**Prompt**. Nothing but the lines from the one containing "Stromer ST7 LE" through the final line of the listing should appear in the answer, each exactly as written.

─── Dataset entries ───

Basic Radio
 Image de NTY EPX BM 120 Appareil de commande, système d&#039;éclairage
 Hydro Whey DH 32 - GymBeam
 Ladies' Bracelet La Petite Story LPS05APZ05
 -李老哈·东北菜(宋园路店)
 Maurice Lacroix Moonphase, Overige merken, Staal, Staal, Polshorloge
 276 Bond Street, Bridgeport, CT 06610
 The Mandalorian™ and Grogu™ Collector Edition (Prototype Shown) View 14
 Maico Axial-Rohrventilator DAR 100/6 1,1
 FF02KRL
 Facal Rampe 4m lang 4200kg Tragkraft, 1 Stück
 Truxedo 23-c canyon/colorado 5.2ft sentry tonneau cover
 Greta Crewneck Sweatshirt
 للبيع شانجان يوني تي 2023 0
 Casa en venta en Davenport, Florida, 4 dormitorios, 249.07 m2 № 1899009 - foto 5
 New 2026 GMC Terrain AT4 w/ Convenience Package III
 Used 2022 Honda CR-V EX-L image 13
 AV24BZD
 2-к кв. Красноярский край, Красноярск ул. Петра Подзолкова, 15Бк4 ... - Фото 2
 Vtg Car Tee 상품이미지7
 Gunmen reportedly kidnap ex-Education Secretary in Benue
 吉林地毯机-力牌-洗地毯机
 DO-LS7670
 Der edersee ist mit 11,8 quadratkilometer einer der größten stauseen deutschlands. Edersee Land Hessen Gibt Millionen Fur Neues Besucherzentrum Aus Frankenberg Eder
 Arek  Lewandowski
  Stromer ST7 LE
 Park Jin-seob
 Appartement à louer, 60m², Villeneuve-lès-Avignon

───

**Finished task**.
  Stromer ST7 LE
 Park Jin-seob
 Appartement à louer, 60m², Villeneuve-lès-Avignon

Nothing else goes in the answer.